3-Thiomescaline

Clinical data
- Other names: 3-TM; 3-Methylthio-4,5-dimethoxyphenethylamine; 3,4-Dimethoxy-5-methylthiophenethylamine; 3-MeS-4-MeO-5-MeO-PEA
- Routes of administration: Oral
- Drug class: Serotonergic psychedelic; Hallucinogen
- ATC code: None;

Pharmacokinetic data
- Onset of action: ≤1 hour
- Duration of action: 8–12 hours

Identifiers
- IUPAC name 2-(3,4-dimethoxy-5-methylsulfanylphenyl)ethanamine;
- CAS Number: 78335-85-0;
- PubChem CID: 44276881;
- ChemSpider: 21106411;
- UNII: NFD3U63KGL;
- ChEMBL: ChEMBL26746;

Chemical and physical data
- Formula: C_{11}H_{17}NO_{2}S
- Molar mass: 227.32 g·mol^{−1}
- 3D model (JSmol): Interactive image;
- SMILES COC1=C(C(=CC(=C1)CCN)SC)OC;
- InChI InChI=1S/C11H17NO2S/c1-13-9-6-8(4-5-12)7-10(15-3)11(9)14-2/h6-7H,4-5,12H2,1-3H3; Key:MASUNTXHOBXSNG-UHFFFAOYSA-N;

= 3-Thiomescaline =

3-Thiomescaline (3-TM), also known as 3-methylthio-4,5-dimethoxyphenethylamine, is a psychedelic drug of the phenethylamine and scaline families related to mescaline (3,4,5-trimethoxyphenethylamine). It is the analogue of mescaline in which the methoxy group at the 3 position has been replaced with a methylthio group. The drug is one of two possible thiomescaline (TM) positional isomers, the other being 4-thiomescaline (4-TM).

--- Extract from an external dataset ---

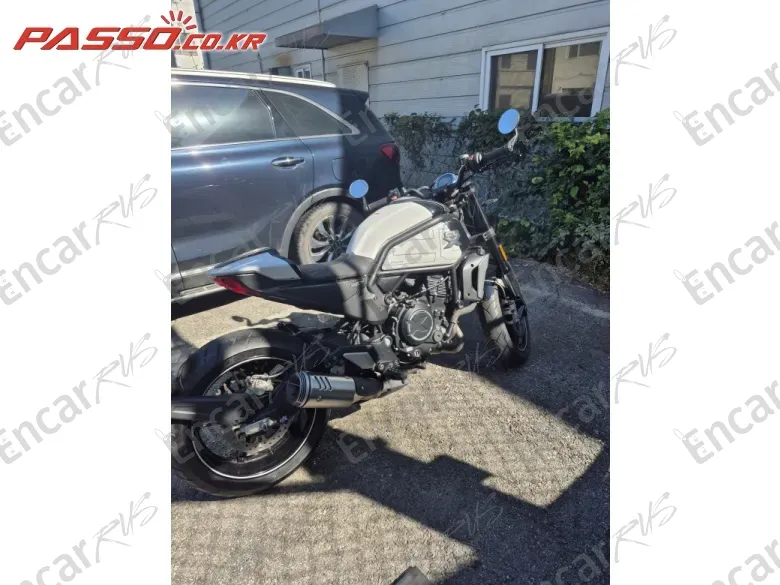 Cfmoto 700 Clx Sport - фото 4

In his book PiHKAL (Phenethylamines I Have Known and Loved) and other publications, Alexander Shulgin lists 3-TM's dose as 60 to 100 mg orally and its duration as 8 to 12 hours. Its onset is within 1 hour. The drug has about 4 to 6 times the potency of mescaline. The effects of 3-TM have been reported to include color enhancement, closed-eye imagery and fantasy, no open-eye visuals, auditory–visual synaesthesia with music, intoxication, relaxation, feelings of sublimity and peacefulness, conflicting energy, tension, paranoia, irritability, and guardedness.

The chemical synthesis of 3-TM has been described.

3-TM was first described in the literature by Shulgin and colleagues by 1981. Subsequently, it was described in greater detail by Shulgin in PiHKAL in 1991.